Shelley Niro: 500 Year Itch at Remai Modern

Hales is delighted to announce that Shelley Niro: 500 Year Itch is now on view at Remai Modern, through 21 September 2025. Remai Modern is the final stop on a five-venue international tour of this exhibition.
 
Shelley Niro: 500 Year Itch is the first major retrospective exhibition of the multi-media work of Mohawk artist Shelley Niro, who is based in Brantford, ON. Spanning four decades of her photography, film, painting, installation, sculpture and mixed media practice, the exhibition highlights themes she constantly returns to: Matriarchy, Past is Present, Actors, and Family Relations. Her persistent vision is to represent Indigenous women and girls, advocating for self-representation and sovereignty. Her highly empathetic approach moves viewers to understand the issues at hand through her visually impactful and politically powerful manner. She uses parody, feminism, and spirituality to examine identity, and in turn, brings political power to the realm of the personal.
 
The exhibition is accompanied by a heavily illustrated 304-page publication designed by Barr Gilmore, including texts by invited authors, in addition to curatorial essays by Lori Beavis, Sally Frater, Adrianna Greci Green, Bryce Kanbara, Madeline Lennon, Nancy Mithlo, and Hulleah J. Tsinhnahjinnie.

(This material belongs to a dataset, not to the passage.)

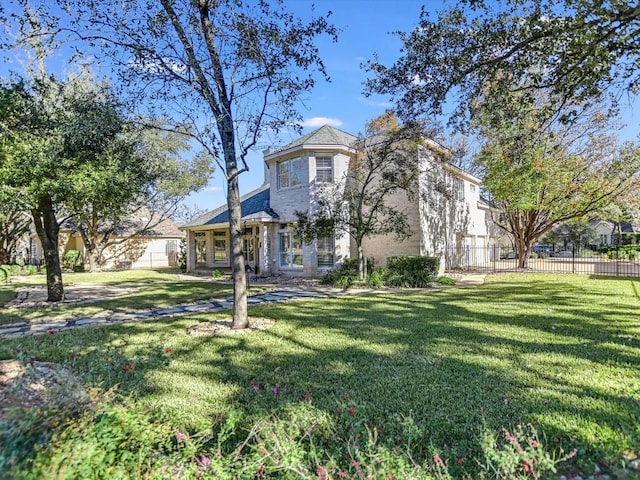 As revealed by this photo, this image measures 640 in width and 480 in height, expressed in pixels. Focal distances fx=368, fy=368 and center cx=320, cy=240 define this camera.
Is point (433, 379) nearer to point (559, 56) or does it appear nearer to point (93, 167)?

Shelley Niro: 500 Year Itch is organized and circulated by the Art Gallery of Hamilton with the Smithsonian's National Museum of the American Indian (NMAI), with curatorial support from the National Gallery of Canada (NGC). Co-curated by Melissa Bennett, AGH Senior Curator of Contemporary Art; Greg Hill, Independent Curator, formerly Audain Senior Curator, Indigenous Art, National Gallery of Canada, and David Penney, Associate Director of Museum Scholarship at the Smithsonian National Museum of the American Indian. Remai Modern's presentation is organized by Sally Frater, Senior Curator and Curatorial Manager.